What I Think About When I Think About Istanbul*
Since I learned that I would be flying to Istanbul, I have never stopped thinking about it.
When I think of Istanbul, I think of my childhood. I have spent most of my life in the opposite end of Asia, and Turkey isn’t one of the countries people talk about. They are seldom featured on our TV shows and barely mentioned in the news. But Istanbul took up almost a chapter in our textbook, and as someone who grew up fascinated with history, it certainly made an impression early on.
I remember how I studied its days as Constantinople and its significance as a center of trade and cultural diffusion in the region. I remember sleepless nights of memorizing the important dates that marked the rise and fall of both the Byzantine and Ottoman Empires. I remember trying to wrap my head around the Silk Road and how it led to the massive production of silk in medieval Europe. Back then, I had no idea I would be a traveler. I was raised thinking that travel is a luxury, something enjoyed only by the rich. But I remember making a deal with my young self that I would someday see the city, its landmarks, historical sites and relics depicted in our books.

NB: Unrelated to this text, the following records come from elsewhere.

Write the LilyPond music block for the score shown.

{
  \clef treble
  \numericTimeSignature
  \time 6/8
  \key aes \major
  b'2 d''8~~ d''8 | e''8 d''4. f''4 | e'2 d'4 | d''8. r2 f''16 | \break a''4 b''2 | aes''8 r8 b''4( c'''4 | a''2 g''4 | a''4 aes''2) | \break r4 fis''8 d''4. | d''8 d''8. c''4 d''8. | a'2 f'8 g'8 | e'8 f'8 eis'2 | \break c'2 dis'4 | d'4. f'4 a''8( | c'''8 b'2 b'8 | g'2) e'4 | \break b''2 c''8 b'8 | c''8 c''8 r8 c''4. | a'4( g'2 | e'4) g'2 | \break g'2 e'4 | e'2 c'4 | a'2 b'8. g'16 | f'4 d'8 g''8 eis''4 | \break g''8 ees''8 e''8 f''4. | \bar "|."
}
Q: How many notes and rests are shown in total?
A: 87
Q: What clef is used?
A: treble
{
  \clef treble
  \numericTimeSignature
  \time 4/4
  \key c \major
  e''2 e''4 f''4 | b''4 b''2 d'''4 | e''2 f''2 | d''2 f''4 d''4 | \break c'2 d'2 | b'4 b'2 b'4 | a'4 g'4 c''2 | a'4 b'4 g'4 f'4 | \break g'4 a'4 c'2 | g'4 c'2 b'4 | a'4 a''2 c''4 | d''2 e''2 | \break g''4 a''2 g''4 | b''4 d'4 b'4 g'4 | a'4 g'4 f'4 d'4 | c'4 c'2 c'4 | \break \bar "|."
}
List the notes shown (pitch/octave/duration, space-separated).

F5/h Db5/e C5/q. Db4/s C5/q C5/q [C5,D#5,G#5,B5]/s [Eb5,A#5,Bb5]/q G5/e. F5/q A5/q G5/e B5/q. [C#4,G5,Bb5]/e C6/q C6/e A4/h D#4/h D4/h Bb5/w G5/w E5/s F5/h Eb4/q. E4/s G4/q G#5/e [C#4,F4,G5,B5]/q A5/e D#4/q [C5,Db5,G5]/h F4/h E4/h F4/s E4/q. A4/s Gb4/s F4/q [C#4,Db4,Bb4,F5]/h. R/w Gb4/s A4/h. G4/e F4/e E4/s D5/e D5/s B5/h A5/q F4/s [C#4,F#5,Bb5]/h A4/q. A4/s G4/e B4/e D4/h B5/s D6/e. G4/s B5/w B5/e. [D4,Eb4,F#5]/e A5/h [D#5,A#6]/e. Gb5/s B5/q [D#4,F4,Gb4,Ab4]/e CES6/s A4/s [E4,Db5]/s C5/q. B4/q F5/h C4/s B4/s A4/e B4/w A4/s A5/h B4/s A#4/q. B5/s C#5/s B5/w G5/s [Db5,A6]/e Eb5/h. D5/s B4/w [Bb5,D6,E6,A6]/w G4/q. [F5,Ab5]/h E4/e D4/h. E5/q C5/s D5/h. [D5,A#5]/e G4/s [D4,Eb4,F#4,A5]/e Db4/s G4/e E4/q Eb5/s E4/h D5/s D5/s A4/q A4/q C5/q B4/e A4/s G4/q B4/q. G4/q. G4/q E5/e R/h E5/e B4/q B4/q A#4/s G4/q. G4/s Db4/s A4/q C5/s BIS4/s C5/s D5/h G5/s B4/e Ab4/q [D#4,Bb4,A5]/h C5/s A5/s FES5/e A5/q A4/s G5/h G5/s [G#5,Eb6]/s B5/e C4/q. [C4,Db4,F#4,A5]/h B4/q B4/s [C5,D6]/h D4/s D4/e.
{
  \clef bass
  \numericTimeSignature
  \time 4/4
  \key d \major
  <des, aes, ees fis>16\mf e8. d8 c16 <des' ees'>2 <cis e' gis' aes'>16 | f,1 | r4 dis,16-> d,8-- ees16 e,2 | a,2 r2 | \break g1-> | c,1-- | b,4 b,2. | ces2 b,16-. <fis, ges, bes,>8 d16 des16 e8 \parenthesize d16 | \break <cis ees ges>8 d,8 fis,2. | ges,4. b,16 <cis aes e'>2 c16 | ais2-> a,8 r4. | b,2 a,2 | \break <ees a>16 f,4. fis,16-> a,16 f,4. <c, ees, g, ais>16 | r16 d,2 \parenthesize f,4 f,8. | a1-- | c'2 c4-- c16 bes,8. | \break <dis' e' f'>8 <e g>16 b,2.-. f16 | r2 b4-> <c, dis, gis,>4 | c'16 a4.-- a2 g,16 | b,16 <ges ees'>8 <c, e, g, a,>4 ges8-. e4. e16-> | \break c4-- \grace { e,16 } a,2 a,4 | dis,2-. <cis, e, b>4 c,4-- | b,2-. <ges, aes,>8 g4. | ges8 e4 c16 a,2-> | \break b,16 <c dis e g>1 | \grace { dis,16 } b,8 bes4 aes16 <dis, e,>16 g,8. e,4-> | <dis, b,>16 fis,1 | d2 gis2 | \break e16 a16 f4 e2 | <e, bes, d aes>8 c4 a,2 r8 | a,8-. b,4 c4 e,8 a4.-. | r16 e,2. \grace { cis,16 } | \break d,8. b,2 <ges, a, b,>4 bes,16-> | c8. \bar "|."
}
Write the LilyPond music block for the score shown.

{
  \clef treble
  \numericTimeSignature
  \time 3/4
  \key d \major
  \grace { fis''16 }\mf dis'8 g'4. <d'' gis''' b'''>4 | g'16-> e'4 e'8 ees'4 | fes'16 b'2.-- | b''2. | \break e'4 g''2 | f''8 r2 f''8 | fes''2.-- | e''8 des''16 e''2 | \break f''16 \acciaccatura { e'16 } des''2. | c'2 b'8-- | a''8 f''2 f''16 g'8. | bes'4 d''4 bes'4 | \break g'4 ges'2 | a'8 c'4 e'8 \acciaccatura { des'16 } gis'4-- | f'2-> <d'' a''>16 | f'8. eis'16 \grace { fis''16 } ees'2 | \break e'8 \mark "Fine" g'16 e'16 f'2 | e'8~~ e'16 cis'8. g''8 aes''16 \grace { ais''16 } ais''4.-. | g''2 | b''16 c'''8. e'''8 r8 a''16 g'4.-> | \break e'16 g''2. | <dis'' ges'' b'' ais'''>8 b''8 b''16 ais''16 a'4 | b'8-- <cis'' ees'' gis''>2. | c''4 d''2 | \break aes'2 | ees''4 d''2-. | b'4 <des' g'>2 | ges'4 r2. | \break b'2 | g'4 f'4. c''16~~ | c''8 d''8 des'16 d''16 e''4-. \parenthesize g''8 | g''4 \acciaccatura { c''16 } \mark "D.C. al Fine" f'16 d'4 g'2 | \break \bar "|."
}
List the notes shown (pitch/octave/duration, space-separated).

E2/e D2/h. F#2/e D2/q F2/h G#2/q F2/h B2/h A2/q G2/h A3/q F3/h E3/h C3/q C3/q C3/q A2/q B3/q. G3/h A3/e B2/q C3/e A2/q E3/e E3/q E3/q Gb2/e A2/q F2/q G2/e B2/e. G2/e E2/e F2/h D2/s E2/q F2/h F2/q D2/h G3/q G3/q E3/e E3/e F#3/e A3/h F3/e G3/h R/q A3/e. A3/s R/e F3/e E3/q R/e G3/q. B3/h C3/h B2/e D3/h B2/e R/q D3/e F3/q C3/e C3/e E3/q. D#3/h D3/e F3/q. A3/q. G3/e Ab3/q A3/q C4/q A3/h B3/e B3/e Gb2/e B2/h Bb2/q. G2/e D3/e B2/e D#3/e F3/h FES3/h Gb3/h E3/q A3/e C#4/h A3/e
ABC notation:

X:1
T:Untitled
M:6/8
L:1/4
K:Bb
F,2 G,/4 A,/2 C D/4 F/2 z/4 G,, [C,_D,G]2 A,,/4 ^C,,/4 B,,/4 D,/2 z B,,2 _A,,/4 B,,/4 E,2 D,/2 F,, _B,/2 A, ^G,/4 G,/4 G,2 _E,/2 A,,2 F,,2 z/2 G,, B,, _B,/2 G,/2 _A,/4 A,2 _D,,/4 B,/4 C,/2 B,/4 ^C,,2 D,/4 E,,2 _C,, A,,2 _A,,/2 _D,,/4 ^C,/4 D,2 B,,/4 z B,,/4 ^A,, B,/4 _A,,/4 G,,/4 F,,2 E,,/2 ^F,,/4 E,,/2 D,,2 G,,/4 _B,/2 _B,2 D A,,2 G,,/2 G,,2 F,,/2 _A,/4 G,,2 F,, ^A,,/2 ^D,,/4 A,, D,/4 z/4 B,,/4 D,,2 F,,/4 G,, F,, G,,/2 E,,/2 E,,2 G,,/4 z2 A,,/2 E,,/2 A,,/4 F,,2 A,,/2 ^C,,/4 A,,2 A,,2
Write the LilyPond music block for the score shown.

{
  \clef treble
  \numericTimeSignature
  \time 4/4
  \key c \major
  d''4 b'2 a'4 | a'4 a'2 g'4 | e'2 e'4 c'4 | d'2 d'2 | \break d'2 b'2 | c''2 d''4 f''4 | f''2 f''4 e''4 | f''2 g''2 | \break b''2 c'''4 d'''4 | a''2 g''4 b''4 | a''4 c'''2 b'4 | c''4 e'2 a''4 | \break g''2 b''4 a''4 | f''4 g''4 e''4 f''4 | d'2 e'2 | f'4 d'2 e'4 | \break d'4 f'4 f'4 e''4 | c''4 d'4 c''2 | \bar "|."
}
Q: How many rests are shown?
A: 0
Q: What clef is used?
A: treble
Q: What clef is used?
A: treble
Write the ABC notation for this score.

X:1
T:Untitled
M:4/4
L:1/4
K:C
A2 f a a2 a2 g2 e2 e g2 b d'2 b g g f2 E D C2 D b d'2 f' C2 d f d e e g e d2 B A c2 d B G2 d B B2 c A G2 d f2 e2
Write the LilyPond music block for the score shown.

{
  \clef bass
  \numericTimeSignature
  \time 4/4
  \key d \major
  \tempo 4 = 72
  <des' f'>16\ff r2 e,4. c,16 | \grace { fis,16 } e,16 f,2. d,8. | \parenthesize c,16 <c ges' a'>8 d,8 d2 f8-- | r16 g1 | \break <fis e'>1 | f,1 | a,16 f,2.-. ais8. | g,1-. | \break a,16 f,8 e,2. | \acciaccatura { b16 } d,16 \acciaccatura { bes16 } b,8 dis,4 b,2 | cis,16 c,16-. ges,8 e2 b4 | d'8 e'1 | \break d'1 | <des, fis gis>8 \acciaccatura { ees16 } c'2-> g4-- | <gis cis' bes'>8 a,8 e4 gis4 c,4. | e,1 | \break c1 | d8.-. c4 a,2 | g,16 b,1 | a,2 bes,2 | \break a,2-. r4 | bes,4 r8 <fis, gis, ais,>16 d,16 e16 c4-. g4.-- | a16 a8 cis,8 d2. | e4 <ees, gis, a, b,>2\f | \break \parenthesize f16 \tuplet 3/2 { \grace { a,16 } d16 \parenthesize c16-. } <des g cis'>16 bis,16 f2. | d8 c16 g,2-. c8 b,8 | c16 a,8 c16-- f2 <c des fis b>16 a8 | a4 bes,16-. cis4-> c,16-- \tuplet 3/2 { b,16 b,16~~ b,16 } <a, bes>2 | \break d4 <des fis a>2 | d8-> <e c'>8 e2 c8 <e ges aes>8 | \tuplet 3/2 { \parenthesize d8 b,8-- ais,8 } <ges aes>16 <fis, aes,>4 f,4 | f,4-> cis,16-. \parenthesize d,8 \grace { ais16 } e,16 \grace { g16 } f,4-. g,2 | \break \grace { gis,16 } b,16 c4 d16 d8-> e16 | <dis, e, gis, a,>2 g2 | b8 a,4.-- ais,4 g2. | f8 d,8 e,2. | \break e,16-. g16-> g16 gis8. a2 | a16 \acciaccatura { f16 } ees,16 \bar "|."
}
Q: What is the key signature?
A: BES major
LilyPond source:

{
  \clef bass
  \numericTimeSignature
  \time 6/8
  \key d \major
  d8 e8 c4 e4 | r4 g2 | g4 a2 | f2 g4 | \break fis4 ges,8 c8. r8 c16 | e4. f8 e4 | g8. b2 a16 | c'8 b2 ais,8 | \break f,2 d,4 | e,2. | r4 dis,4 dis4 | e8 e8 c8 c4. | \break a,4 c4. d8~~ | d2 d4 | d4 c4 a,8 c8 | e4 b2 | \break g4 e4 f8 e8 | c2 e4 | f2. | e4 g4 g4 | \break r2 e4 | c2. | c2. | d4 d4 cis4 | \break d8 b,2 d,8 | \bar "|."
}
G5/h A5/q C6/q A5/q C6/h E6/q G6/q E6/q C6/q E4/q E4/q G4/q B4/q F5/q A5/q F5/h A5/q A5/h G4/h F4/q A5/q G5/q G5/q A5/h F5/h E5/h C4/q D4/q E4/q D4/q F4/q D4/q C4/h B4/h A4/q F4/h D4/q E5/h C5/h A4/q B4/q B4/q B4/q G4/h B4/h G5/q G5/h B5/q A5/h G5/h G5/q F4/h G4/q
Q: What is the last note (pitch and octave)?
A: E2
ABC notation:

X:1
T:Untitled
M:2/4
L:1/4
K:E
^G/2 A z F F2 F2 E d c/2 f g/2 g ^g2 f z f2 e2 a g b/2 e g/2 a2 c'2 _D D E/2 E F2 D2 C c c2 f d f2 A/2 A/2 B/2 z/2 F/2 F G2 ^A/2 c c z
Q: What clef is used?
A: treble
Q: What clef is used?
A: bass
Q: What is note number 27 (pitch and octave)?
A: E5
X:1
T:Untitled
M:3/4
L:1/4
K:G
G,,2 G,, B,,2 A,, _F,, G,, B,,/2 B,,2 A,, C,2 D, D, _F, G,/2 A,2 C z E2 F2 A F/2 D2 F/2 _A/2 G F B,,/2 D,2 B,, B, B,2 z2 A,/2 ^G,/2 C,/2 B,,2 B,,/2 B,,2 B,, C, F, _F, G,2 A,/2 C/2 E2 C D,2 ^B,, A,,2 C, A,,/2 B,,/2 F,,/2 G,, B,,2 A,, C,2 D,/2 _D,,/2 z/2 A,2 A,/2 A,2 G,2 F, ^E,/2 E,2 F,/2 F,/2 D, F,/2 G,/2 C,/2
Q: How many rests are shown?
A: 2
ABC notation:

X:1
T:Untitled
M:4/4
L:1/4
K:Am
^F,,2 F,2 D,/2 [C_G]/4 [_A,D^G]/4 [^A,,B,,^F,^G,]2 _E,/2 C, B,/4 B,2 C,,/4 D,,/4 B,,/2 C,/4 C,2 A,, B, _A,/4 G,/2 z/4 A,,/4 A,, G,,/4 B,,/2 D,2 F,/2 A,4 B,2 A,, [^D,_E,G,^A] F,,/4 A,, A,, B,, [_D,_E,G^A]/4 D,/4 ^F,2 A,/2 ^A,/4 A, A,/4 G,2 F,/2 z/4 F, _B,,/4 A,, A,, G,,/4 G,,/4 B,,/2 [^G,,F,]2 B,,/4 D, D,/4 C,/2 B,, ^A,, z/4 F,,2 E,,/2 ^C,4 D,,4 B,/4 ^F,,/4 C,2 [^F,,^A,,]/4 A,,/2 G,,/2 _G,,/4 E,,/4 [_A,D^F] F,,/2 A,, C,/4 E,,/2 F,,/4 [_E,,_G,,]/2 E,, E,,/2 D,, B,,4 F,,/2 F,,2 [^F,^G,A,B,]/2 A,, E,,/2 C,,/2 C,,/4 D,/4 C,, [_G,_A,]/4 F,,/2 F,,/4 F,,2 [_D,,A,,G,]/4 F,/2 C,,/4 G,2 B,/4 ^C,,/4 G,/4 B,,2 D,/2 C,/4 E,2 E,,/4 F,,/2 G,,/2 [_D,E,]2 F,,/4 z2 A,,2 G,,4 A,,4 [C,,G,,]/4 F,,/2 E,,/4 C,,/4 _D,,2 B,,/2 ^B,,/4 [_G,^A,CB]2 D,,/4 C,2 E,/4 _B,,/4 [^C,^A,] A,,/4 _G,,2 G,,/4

When I think of Istanbul, I think of a borderless world. I think of Istanbul as a city where boundaries are blurred. It is where Asia sits down with Europe by the Bosphorus for an enjoyable a cup of tea or coffee. It is where East meets West for a seductive endless dance. It is where the past mingles with the present to have a pleasant conversation about the future. It is a city soaked in a multitude of colors, and things are hardly black or white.
When I think of Istanbul, I think about harmony. I paint a picture of worlds coming together, living together. I think about the many souls walking down Istiklal Caddesi, hailing from dozens of cultural backgrounds, including tourists just enjoying the day and locals of several ethnic origins going on with their lives. I think about how cultural pluralism is not a thing of fantasy but an attainable reality for many other cities around the world. There is triumph in knowing that it can be achieved.
When I think about Istanbul, I think about a dream, something that was seeded deep in me when I was a child by the pages of history. I always see places as people. Some are popular. Some are fun to be with. Some are odd. Istanbul is one of those that are hard to define. She’s into the arts, has an eclectic taste in music, and cooks unique food. She’s unpredictable: sometimes quiet, other times animated. She is well-rooted in her past, but is open to embrace the future.
She is one of those with a lot of soul, somebody who has been through a lot and has a globe of stories to tell. I can’t wait to meet her.